Source records:

========

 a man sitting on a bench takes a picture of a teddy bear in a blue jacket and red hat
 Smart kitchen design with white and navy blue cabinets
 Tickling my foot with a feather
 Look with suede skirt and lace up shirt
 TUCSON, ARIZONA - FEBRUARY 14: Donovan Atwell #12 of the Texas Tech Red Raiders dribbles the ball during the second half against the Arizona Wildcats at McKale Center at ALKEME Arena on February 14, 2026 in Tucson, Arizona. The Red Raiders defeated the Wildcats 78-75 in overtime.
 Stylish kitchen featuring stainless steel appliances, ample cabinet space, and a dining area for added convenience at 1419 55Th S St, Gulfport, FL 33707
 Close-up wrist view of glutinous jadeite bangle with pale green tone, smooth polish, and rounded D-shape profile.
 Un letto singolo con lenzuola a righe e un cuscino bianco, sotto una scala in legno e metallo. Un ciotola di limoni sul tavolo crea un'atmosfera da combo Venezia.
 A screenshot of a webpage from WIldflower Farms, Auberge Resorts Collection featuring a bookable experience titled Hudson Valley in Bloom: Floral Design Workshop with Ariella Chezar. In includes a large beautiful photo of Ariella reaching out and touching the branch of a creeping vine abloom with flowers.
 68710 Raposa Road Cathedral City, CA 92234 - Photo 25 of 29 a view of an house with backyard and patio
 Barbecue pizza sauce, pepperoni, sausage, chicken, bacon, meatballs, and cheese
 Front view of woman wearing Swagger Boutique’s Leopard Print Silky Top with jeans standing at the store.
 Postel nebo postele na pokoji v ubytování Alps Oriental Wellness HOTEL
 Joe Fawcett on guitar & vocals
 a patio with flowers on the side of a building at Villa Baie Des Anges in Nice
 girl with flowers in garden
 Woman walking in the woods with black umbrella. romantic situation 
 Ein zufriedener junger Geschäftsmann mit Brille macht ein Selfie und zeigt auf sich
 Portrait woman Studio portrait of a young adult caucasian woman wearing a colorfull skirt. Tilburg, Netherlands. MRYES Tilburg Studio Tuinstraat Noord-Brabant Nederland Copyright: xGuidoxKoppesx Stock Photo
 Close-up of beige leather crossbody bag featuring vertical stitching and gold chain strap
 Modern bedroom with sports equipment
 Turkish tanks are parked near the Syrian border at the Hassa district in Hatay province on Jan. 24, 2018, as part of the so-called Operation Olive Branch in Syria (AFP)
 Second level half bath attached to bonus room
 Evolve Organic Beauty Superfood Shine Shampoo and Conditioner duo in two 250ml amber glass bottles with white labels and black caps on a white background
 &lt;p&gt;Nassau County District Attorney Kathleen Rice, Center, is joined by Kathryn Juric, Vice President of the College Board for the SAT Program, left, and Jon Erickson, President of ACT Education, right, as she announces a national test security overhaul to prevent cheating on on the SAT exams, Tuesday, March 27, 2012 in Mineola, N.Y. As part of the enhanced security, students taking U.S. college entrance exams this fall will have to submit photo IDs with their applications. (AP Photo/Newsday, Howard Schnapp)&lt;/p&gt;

========

Repeat, without change, each line of the data above from the one that contains "girl with flowers in garden" through the final line, counting both.

Response box:
 girl with flowers in garden
 Woman walking in the woods with black umbrella. romantic situation 
 Ein zufriedener junger Geschäftsmann mit Brille macht ein Selfie und zeigt auf sich
 Portrait woman Studio portrait of a young adult caucasian woman wearing a colorfull skirt. Tilburg, Netherlands. MRYES Tilburg Studio Tuinstraat Noord-Brabant Nederland Copyright: xGuidoxKoppesx Stock Photo
 Close-up of beige leather crossbody bag featuring vertical stitching and gold chain strap
 Modern bedroom with sports equipment
 Turkish tanks are parked near the Syrian border at the Hassa district in Hatay province on Jan. 24, 2018, as part of the so-called Operation Olive Branch in Syria (AFP)
 Second level half bath attached to bonus room
 Evolve Organic Beauty Superfood Shine Shampoo and Conditioner duo in two 250ml amber glass bottles with white labels and black caps on a white background
 &lt;p&gt;Nassau County District Attorney Kathleen Rice, Center, is joined by Kathryn Juric, Vice President of the College Board for the SAT Program, left, and Jon Erickson, President of ACT Education, right, as she announces a national test security overhaul to prevent cheating on on the SAT exams, Tuesday, March 27, 2012 in Mineola, N.Y. As part of the enhanced security, students taking U.S. college entrance exams this fall will have to submit photo IDs with their applications. (AP Photo/Newsday, Howard Schnapp)&lt;/p&gt;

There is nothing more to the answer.